COPD cannot be cured but it can be treated by: quitting smoking and, adopting a healthier life style and exercise, and with medicines, vaccines, pulmonary rehabilitation, oxygen therapy, and rarely surgery.
- Persistent cough, especially in the morning
- Production of a large amount of mucus (or phlegm)
These symptoms are common to several diseases, experimenting them does not necessarily mean that one suffers from COPD. For a diagnosis, people are invited to check with their doctor.
Some rare forms of COPD are due to a genetic condition:
Some people are Alpha-1 antitrypsin (AAT) deficient. AAT is a protein that helps protect lungs against damage from toxins. When the body releases white blood cells to fight off infection or disease, the liver releases AAT to protect against damaging enzymes. For someone who has an AAT deficiency, the body does not release any or enough AAT, so the person can develop lung damage (emphysema) and suffer from same symptoms usually at much younger age than smokers or people exposed to dust. More information on AAT deficient COPD.
Management of the disease:
If you smoke you must stop smoking. This may require medication and counselling to help you. Everyone should have immunisation against pneumonia and annual immunisation against influenza. Be as physically active as you can: gardening, housework, moderately fast walking or other exercise all counts.
The goals of COPD treatment include:
- Relieving symptoms
- Slowing the progress of the disease
- Improving exercise tolerance (ability to stay active)

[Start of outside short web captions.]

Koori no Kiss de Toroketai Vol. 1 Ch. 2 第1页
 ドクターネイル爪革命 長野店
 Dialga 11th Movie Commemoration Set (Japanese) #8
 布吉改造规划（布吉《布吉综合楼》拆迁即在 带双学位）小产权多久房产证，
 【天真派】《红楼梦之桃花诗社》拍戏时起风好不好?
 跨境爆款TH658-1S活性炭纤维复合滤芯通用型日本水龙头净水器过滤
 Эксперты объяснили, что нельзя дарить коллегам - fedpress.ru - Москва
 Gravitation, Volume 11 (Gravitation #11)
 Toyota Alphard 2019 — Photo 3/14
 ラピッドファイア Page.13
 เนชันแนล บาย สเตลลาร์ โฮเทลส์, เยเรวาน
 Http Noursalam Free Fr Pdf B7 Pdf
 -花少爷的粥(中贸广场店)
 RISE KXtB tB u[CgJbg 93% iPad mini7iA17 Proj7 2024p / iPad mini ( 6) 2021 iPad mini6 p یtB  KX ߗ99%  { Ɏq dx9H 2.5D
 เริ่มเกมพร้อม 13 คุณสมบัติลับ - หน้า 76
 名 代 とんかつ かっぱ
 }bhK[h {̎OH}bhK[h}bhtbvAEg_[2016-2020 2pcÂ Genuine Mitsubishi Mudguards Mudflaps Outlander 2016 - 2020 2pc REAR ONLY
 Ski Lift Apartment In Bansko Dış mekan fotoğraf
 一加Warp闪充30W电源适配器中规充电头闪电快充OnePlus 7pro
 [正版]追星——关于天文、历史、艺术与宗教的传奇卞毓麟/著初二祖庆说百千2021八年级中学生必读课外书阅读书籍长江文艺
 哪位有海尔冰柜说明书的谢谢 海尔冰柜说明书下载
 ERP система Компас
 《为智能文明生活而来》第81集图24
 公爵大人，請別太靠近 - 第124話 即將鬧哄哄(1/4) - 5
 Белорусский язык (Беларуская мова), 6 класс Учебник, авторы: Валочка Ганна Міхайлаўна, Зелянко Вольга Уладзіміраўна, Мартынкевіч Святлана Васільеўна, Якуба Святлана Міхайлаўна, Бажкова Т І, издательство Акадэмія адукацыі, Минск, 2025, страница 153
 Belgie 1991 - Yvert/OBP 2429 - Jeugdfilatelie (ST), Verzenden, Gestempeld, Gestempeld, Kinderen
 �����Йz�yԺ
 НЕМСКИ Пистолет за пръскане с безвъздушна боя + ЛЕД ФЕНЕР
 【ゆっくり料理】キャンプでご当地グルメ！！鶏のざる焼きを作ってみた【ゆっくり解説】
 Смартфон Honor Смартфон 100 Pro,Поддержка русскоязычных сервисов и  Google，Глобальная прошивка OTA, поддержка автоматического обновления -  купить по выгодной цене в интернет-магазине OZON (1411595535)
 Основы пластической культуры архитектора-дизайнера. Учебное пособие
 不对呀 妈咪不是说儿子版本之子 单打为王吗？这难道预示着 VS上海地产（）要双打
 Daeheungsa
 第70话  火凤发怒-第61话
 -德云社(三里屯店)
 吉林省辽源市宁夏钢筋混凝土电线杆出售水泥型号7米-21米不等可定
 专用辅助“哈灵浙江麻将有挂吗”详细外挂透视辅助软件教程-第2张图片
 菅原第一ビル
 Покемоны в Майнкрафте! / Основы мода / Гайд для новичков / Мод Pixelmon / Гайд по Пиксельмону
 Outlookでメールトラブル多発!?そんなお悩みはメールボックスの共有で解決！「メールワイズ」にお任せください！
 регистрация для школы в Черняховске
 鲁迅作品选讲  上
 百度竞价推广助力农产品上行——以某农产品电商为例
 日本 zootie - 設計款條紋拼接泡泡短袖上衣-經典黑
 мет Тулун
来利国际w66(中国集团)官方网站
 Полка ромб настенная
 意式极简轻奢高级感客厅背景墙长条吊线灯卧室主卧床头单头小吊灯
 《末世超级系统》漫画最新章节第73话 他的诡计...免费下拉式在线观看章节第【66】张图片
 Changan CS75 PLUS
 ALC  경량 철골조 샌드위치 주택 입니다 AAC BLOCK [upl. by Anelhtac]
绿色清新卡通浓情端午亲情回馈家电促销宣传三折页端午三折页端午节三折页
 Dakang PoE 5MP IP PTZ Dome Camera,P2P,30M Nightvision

- Preventing and treating complications
- Improving overall health
Medicine treatment options include:
- bronchodilators that treat shortness of breath
- combination medicines and corticosteroid pills that prevent and treat COPD flare-ups
- antibiotics that treat some infections which cause flare-ups
- flu and pneumonia vaccines to prevent some infections that cause flare-ups
- supplemental oxygen that boosts oxygen level
Part of the treatment is physical rehabilitation: it may include exercises, nutritional counselling, education on your condition and how to manage it, energy conserving techniques, breathing strategies, psychological counselling and/or group support.